The rules went into effect in May and require labels for steaks, ribs and other cuts to detail where animals grown for meat were born, raised and slaughtered.
Previously, labels only required that countries of origin to be noted, so a package might say, “Product of U.S. and Canada.” Now, the labels must specify “Born in Canada, raised and slaughtered in the United States.”
In addition, the USDA is prohibiting processors from mixing meat from animals born, raised or slaughtered in Mexico, Canada or other countries with meat from the United States.
The American Meat Institute, a trade association for packers, processors and suppliers, and seven other groups said segregating the meat is not part of the law that Congress passed and the USDA is overstepping its authority. They also claim the rule will be costly to implement and that it offers no food safety or public health benefit.
“Segregating and tracking animals according to the countries where production steps occurred and detailing that information on a label may be a bureaucrat’s paperwork fantasy, but the labels that result will serve only to confuse consumers, raise the prices they pay, and put some producers and meat and poultry companies out of business in the process,” said Mark Dopp, an AMI executive, in a news release.
The USDA says the country of original labeling, known as COOL, will help consumers make informed decisions.
“USDA remains confident that these changes will improve the overall operation of the program and also bring the mandatory COOL requirements into compliance with U.S. international trade obligations,” it said.

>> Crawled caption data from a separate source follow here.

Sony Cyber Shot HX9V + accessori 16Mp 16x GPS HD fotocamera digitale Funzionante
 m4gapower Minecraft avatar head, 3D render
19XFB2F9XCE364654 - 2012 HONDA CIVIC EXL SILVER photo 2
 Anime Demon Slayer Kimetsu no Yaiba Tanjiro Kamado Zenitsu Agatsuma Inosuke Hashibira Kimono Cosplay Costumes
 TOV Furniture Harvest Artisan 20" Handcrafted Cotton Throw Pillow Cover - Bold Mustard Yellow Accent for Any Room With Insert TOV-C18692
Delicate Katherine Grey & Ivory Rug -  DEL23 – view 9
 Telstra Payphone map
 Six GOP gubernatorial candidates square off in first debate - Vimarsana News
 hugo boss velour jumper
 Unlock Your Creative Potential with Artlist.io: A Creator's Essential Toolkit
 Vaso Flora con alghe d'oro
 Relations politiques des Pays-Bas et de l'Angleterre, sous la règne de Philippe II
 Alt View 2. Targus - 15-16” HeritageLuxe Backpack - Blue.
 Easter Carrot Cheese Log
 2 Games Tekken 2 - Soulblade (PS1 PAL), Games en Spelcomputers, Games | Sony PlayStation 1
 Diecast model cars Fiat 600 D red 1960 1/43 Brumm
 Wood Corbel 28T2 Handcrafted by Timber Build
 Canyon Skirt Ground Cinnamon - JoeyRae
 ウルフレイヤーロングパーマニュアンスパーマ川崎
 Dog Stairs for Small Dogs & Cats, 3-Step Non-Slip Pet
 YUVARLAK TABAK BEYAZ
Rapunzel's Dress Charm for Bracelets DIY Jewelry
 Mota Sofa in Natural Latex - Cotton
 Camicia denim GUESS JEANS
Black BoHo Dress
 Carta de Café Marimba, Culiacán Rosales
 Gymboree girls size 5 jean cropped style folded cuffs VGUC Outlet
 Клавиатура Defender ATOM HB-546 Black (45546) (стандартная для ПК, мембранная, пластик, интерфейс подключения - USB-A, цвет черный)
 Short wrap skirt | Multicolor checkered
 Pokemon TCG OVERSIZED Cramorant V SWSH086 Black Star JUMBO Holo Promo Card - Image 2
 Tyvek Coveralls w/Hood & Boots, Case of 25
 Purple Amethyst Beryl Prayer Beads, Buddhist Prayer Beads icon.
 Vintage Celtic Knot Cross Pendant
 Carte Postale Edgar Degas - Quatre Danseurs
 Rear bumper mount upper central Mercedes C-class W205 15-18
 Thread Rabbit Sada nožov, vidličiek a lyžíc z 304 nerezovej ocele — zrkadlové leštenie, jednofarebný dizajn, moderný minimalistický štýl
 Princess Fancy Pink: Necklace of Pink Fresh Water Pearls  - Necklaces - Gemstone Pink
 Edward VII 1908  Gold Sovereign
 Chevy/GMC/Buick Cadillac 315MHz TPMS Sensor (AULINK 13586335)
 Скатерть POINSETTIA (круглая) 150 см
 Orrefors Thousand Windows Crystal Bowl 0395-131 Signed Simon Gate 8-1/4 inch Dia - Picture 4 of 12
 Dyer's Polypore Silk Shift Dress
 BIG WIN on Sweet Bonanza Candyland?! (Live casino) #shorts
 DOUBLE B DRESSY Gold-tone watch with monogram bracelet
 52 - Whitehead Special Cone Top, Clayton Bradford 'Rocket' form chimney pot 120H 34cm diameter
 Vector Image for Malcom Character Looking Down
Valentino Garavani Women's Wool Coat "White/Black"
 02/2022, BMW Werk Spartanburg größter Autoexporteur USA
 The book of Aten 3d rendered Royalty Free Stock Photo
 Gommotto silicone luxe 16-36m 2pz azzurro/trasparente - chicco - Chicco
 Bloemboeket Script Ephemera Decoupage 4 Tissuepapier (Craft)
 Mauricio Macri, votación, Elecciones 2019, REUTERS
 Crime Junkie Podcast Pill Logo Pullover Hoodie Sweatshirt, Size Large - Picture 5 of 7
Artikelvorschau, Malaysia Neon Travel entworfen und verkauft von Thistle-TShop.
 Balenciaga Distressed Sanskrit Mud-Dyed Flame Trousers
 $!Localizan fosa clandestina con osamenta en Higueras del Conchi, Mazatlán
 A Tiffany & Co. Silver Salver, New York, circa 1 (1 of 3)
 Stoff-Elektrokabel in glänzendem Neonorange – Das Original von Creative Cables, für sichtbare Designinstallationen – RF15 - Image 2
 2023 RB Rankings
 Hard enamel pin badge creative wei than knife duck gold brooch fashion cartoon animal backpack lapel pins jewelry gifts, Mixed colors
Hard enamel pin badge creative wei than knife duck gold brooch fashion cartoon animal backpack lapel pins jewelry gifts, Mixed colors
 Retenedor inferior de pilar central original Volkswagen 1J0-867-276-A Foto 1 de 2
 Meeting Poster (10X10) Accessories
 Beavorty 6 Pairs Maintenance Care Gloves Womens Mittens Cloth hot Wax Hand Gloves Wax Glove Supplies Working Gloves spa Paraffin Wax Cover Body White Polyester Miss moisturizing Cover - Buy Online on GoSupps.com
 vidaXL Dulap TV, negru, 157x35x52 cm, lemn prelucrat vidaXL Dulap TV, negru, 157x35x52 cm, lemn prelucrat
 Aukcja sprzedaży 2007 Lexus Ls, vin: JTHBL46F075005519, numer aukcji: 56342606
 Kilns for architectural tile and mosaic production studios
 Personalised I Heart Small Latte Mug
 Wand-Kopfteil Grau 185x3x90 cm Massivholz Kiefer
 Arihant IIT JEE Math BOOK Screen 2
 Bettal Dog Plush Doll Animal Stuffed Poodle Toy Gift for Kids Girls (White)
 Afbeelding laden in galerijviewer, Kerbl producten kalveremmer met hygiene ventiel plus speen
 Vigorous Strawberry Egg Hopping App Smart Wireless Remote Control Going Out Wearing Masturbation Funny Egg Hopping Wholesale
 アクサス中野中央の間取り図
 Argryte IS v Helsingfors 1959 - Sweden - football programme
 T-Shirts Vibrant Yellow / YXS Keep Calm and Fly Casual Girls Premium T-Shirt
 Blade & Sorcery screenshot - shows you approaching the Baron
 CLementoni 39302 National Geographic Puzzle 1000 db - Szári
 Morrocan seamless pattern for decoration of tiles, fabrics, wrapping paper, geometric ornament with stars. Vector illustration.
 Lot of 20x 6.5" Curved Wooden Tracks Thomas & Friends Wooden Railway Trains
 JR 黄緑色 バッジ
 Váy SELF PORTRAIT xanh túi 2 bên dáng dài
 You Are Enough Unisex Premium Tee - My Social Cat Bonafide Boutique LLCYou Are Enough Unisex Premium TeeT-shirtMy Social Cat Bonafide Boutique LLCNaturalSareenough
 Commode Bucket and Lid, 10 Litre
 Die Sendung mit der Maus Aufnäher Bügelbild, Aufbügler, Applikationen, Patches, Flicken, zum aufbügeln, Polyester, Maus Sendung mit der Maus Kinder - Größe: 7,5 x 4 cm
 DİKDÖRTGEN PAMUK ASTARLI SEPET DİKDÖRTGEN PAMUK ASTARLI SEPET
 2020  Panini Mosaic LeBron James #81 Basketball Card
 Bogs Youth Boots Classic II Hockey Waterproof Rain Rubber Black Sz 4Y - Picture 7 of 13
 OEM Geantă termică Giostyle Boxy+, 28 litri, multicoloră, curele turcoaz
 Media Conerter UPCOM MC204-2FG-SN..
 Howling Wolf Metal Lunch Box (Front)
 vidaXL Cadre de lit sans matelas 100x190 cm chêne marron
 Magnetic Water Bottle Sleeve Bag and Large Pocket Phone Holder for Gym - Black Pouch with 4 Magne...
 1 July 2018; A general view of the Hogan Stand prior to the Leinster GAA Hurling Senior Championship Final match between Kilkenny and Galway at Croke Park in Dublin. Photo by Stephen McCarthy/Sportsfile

Advocates say segregating meat will help if a food safety issue develops.
The rules also have had support from other farmers’ organizations, along with environmental groups.
The meat industry groups said in court documents that about 4 percent to 7 percent of beef and pork consumed in the U.S. comes from animals from other countries. In some parts of the United States, including Texas, New Mexico, Arizona and California, as much as half of the livestock used for meat could be imported.
Once in the supply chain, the meat becomes interchangeable with meat from U.S. animals, the groups said.
“In short, beef is beef, whether the cattle were born in Montana, Manitoba, or Mazatlán,” said the lawsuit filed in federal court in Washington, D.C. “The same goes for hogs, chickens, and other livestock.”